Теперь они оба смотрели на меня не то чтобы недоверчиво, а как-то подозрительно строго. А я продолжал, так и не подымаясь с кресла — не было сил встать:
— Не верите? Трудно, конечно, поверить. Фантастика. Между прочим, экраны у них в лаборатории в одну линию, параболическую и с передвижным пультом. А на крыше — бассейн… — Я глотнул слюну и замолчал.
— Тебе сейчас доппинг нужен, — сказал Заргарьян.
Он разболтал в полстакане коньяка два желтка и подал мне, чуть не пролив — так у него дрожали руки. Питье меня взбодрило, я уже мог рассказывать. И я рассказывал и рассказывал взахлеб, а они слушали как завороженные, с благоговением завсегдатаев консерваторских концертных премьер. Потом их прорвало, вопросы застрочили, как пулеметная очередь. Они спрашивали и переспрашивали, и Заргарьян что-то кричал по-армянски, а я снова и снова должен был вспоминать то монорельсовую дорогу, то золотой хрусталь “Софии”, то кресло без шлема и датчиков, то белую витализационную камеру и невидимую Веру седьмую, то Миста с его глоссарием, то рассказ Юльки, в котором, как в матовом стекле, отражался загадочный облик века. Я все никак не мог подойти к главному — к моей встрече с Эриком, а когда подошел, что-то вдруг сверкнуло у меня в памяти ослепительной вспышкой магния.

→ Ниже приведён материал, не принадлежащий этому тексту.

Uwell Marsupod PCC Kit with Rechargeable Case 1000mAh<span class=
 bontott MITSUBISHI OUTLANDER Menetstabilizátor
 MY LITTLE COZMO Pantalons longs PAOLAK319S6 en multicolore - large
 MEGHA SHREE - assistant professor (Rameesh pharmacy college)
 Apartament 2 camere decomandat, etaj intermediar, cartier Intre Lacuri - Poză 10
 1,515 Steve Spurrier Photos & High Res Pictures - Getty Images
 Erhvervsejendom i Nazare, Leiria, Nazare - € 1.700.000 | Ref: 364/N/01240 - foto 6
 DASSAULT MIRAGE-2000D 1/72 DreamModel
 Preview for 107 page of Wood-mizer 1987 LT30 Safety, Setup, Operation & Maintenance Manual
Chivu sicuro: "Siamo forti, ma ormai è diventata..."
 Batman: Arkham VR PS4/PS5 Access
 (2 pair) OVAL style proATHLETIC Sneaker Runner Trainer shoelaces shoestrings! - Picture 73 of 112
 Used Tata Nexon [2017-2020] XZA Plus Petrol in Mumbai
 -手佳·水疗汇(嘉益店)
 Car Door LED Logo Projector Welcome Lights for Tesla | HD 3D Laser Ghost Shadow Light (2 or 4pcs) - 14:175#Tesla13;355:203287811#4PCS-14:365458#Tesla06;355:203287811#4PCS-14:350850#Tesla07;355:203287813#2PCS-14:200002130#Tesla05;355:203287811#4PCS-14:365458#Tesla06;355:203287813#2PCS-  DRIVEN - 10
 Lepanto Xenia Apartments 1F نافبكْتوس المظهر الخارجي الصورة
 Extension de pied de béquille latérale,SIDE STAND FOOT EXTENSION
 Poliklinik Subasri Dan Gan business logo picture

— Бумагу, — сказал я хрипло, — скорее! И карандаш.
Заргарьян подал мне блокнот и авторучку. Я закрыл глаза. Теперь я видел их совершенно отчетливо, как будто держал перед собой, — все ряды цифр и букв, образующих формулы на карточках Миста. Я мог вписывать их одну за другой, ничего не пропуская и не путая, воспроизводя в точности все, запечатленное в другом мире и с непостижимой яркостью вновь возникшее в этом. Я писал вслепую, слыша подавленный шёпот Заргарьяна: “Смотри, смотри… Он пишет автоматически, с закрытыми глазами”. Так я и писал, не открывая глаз, не останавливаясь, с лихорадочной быстротой и четкостью, пока не воспроизвел на бумаге последнего, завершающего уравнения математического символа.
Когда я открыл глаза, первое, что я увидел, было склонившееся надо мной лицо Никодимова, белее исписанного мною листа.
— Все, — сказал я и бросил авторучку.
Никодимов схватил блокнот и поднес по близорукости к самым глазам, да так и застыл, как остановившийся кинокадр в оборванной на сеансе ленте.
— Тут треба математики поумнее, — сказал он наконец, передавая блокнот Заргарьяну. — И без электронной машинки не обойтись. Считать придется.